El principal responsable del actual tipo de cambio está en el gobierno, pero no en Palacio Nacional. Es el Banco de México, que ha aumentado la tasa de interés objetivo a un nivel nunca visto desde que esta fue establecida como principal herramienta de la política monetaria en enero 2008. Actualmente está en 10.5 por ciento, y se espera siga aumentando. La diferencia con su principal referente, la tasa fijada por la Reserva Federal estadounidense, es de seis puntos porcentuales. Es extraordinariamente atractivo ahorrar en la moneda nacional.
El banco central es autónomo, y sus decisiones tomadas sin consultar al Presidente (el titular de Hacienda puede opinar, pero no votar). No es que AMLO se pueda dar crédito por ellas, al contrario, ha criticado varias veces a Banxico por aumentar tanto la tasa. Le encanta presumir la consecuencia, el tipo de cambio, eso sí como si le correspondiera.
¿Motivos adicionales que expliquen la apreciación del peso? Las remesas, un diluvio de dólares que aumenta la oferta de esa divisa, y por ende presiona su precio a la baja. El acumulado anual al mes de noviembre rozaba los 58 mil millones de dólares, cuando al inicio del sexenio obradorista estaba en 34 mil millones. Un aumento notable, pero es el dinero que envían los trabajadores que el país ha expulsado, lo que difícilmente se puede presumir como un logro. Otra causa del peso fuerte ha sido el elevado precio del petróleo en el último año. Tampoco es una variable en la que pueda influir AMLO.

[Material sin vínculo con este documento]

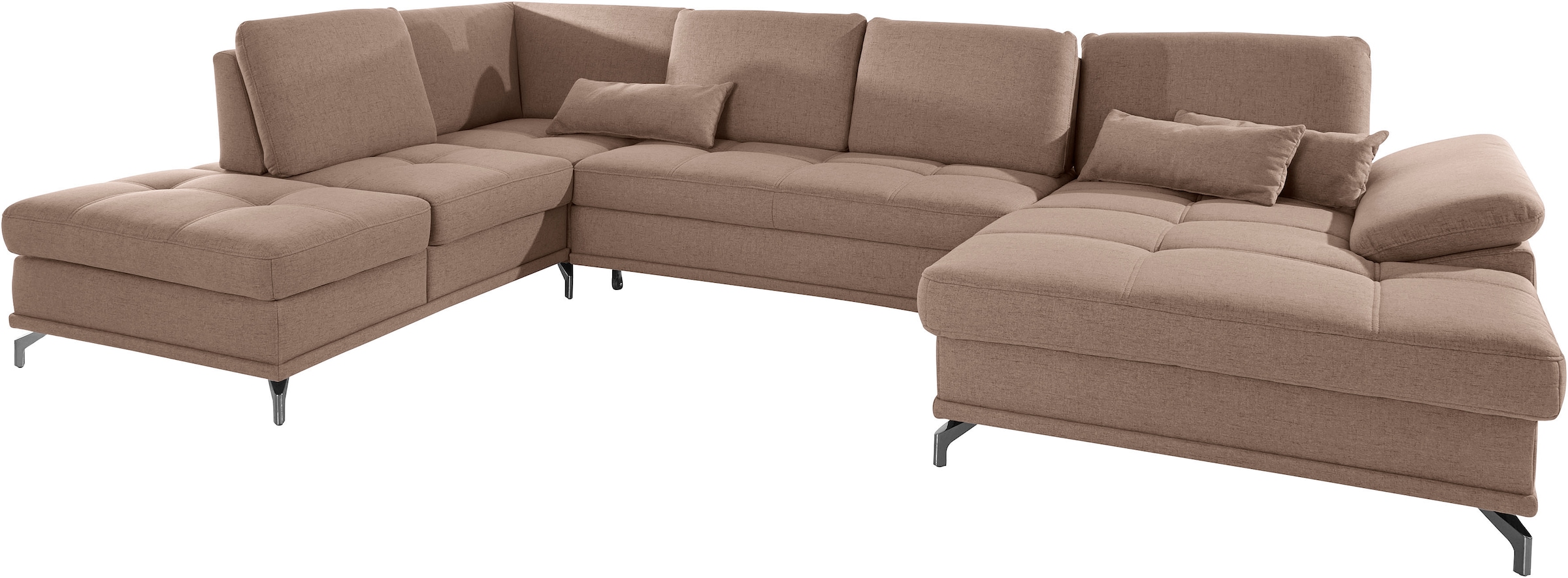 Places of Style Wohnlandschaft »Costello U-Form, mit Sitztiefenverstellung, Armteilverstellung und«, 3 Nierenkissen, optional Bettfunktion und Bettkasten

El crecimiento económico, en cambio, ha sido paupérrimo. Apenas este año se recuperará el nivel registrado antes de la pandemia. La inversión pública se enfoca en elefantes blancos, la privada se enfrenta a un ambiente hostil entre los ataques presidenciales (destacadamente en el sector energético) y problemas como la extorsión por bandas criminales. El crecimiento de largo plazo depende además de la educación y salud de la población, eso sí gracias al tabasqueño, en manos de la CNTE y el INSABI.
Lo que sí puede hacer AMLO en los 20 meses que le quedan de gobierno es causar mayor daño a la economía y una grave incertidumbre política, sobre todo por su deseo de destruir al INE y la democracia que le permitió llegar al poder, además de esa obsesión por acabar sus elefantes blancos, aunque no funcionen. El mesiánico de Palacio Nacional tiene mucho poder, pero una estampida financiera puede derribar al peso en cuestión de días, como ocurrió en 1994, 2008 o 2020. Ciertamente el peso que tanto presume López Obrador es un gigante, pero con pies de arena.